Arch Pharm (Weinheim). 2017 Sep;350(9). doi: 10.1002/ardp.201700093. Epub 2017 Aug 9.
Some novel 2,6-disubstituted pyridazine-3(2H)-one derivatives were synthesized and evaluated for in vitro cyclooxygenase-2 (COX-2) inhibitory efficacy. Compounds 2-{[3-(2-methylphenoxy)-6-oxopyridazin-1(6H)-yl]methyl}-1H-isoindole-1,3(2H)-dione (5a), 2-propyl-6-(o-tolyloxy)pyridazin-3(2H)-one (6a), and 2-benzyl-6-(3,5-dimethyl-1H-pyrazol-1-yl)pyridazin-3(2H)-one (16a) showed the most potent COX-2 inhibitory activity with IC values of 0.19, 0.11, and 0.24 μM, respectively. The synthesized compounds with the highest COX-2 selectivity indices were evaluated for their anti-inflammatory, analgesic, and ulcerogenic activities. Compounds 6a and 16a demonstrated the most potent and consistent anti-inflammatory activity over the synthesized compounds, which was significantly higher than that of celecoxib in the carrageenin rat paw edema model and with milder ulcer scoring than that of indomethacin in the ulcerogenicity screening.
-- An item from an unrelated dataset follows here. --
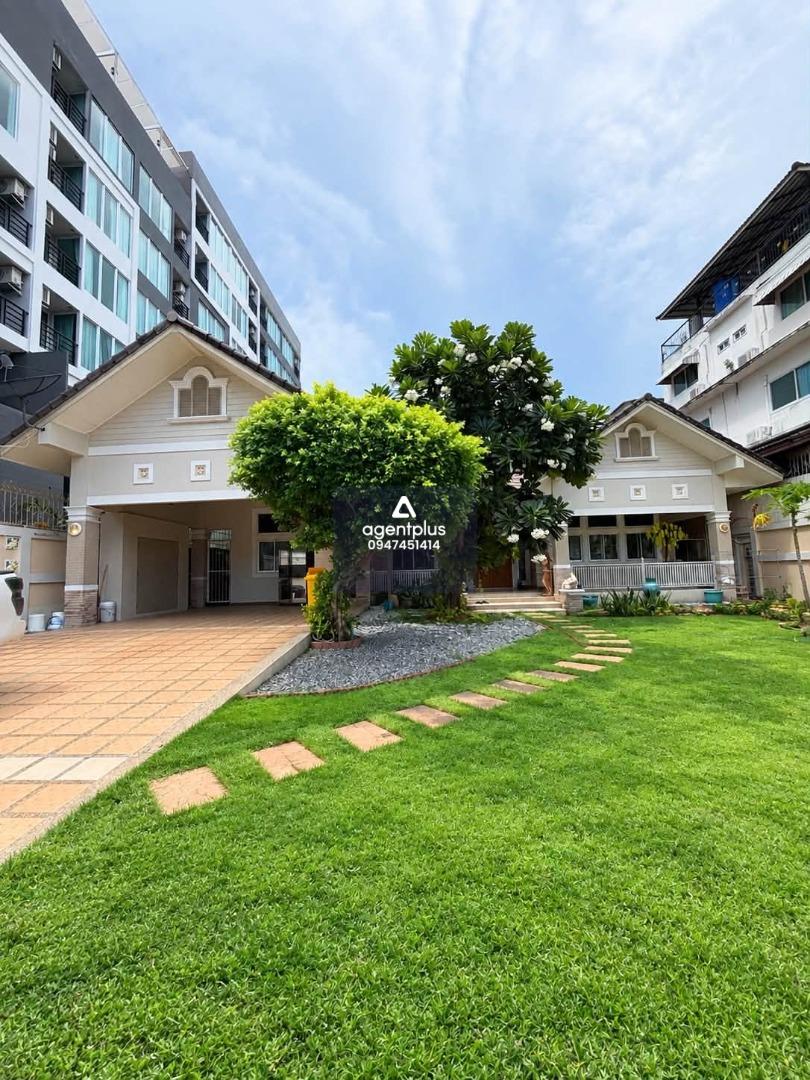 ขายบ้านเดี่ยว 4 ห้องนอน พระตำหนัก พัทยา สระ Jacuzzi ใกล้ทะเล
一些新型 2,6-二取代哒嗪-3(2H)-酮衍生物被合成并评估了其体外环氧化酶-2(COX-2)抑制活性。化合物 2-[[3-(2-甲基苯氧基)-6-氧代哒嗪-1(6H)-基]甲基]-1H-异吲哚-1,3(2H)-二酮(5a)、2-丙基-6-(邻甲苯氧基)哒嗪-3(2H)-酮(6a)和 2-苄基-6-(3,5-二甲基-1H-吡唑-1-基)哒嗪-3(2H)-酮(16a)表现出最强的 COX-2 抑制活性,IC 值分别为 0.19、0.11 和 0.24 μM。具有最高 COX-2 选择性指数的合成化合物被评估了其抗炎、镇痛和致溃疡活性。化合物 6a 和 16a 在合成化合物中表现出最强和最一致的抗炎活性,在角叉菜胶致大鼠足肿胀模型中明显高于塞来昔布,在致溃疡性筛选中溃疡评分比吲哚美辛更轻。